At some point, someone had built a dam. Power. Strength. Reventazón. Giant burst, a name translated from Spanish. A river with currents so strong it could toss and break you, drag you away, drown you in seconds. Reventazón. A name that meant intensity, that signaled danger, that had carved itself into the mountains with spirit and could be heard thundering in rage from kilometers away.
But near Turrialba, just south of the town where the river opened up to form the Angostura Lagoon, someone had built a dam. Someone had narrowed the great river’s water, had turned its frothing foaming rabid white into a stream of muddy blue that now slithered lazily, broken, through the bottom of its own canyon wake. They had revealed rocks. Rocks that had spent their entire lives tormented by the water around them, that had been sanded down into smooth figures that littered the riverbanks.
That was what Diego hoped to find, huge eroded boulders with unlimited potential. That was what he, Caro, and Jota had driven hours to look for, and what they had spent the entire morning searching for. They’d run up and down the river banks, had waded cautiously into the water crossing from side to side bouldering hunting. Their morning had mostly ended in disappointment.
So they sat in a restaurant in the town on old sun-faded plastic chairs that made snapping and cracking noises under their weight. They drank beer. Diego watched the drops of condensation on his bottle glide and land on a stack of flimsy little paper napkins that by now had formed a grey mush. He was trying to not feel like his time had been wasted. So far they’d only found a single boulder that had any semblance of potential, a very normal thing to happen to anyone that spends time searching for climbable rock. But still, the potential he'd seen in his head for this place, the hours he’d spent staring at his computer monitor combing digitally rendered satellite landscapes and the bitter realization of how wrong he’d been about them, had left him feeling a little more defeated than usual.
And there was Jota, ever the optimist, waving his beer around as he spoke and spilling drops of foam here and there on the uneven cement floor.
“And plus I still need to figure out the electricity. And the toilet,” he was saying.
“You’re going for a toilet?” Asked Diego, looking up from the napkins.
“Maybe even a shower.”
“That’ll fit?” Asked Caro as she took a swig of her beer, surprised, eager. Jota nodded.
“How?” Diego asked.
“It should. I mean, oh man, people do a double thing. Like a shower slash toilet.”

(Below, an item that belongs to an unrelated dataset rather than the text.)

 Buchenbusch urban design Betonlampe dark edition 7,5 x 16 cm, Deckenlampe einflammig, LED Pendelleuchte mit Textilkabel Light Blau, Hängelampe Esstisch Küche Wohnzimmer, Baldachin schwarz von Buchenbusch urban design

The two stared at Jota for a moment, confused.
“What?” Said Caro.
“Like you have a shower and then a toilet that you know, like, folds.”
“Inside?” Asked Diego.
“Yeah, like foldable.”
“A foldable toilet?”
“In the shower?” Asked Caro.
“Not exactly foldable, what’s the word?”
Another pause as Diego and Caro shared a look and a quick smile, a hint of puzzled laughter on their lips.
“Wouldn’t that be crazy expensive?” Asked Diego.
Jota shrugged and nodded. He took a big swig of foam and immediately slammed the beer down on the dusty white plastic table between them, excited. “Retractable!”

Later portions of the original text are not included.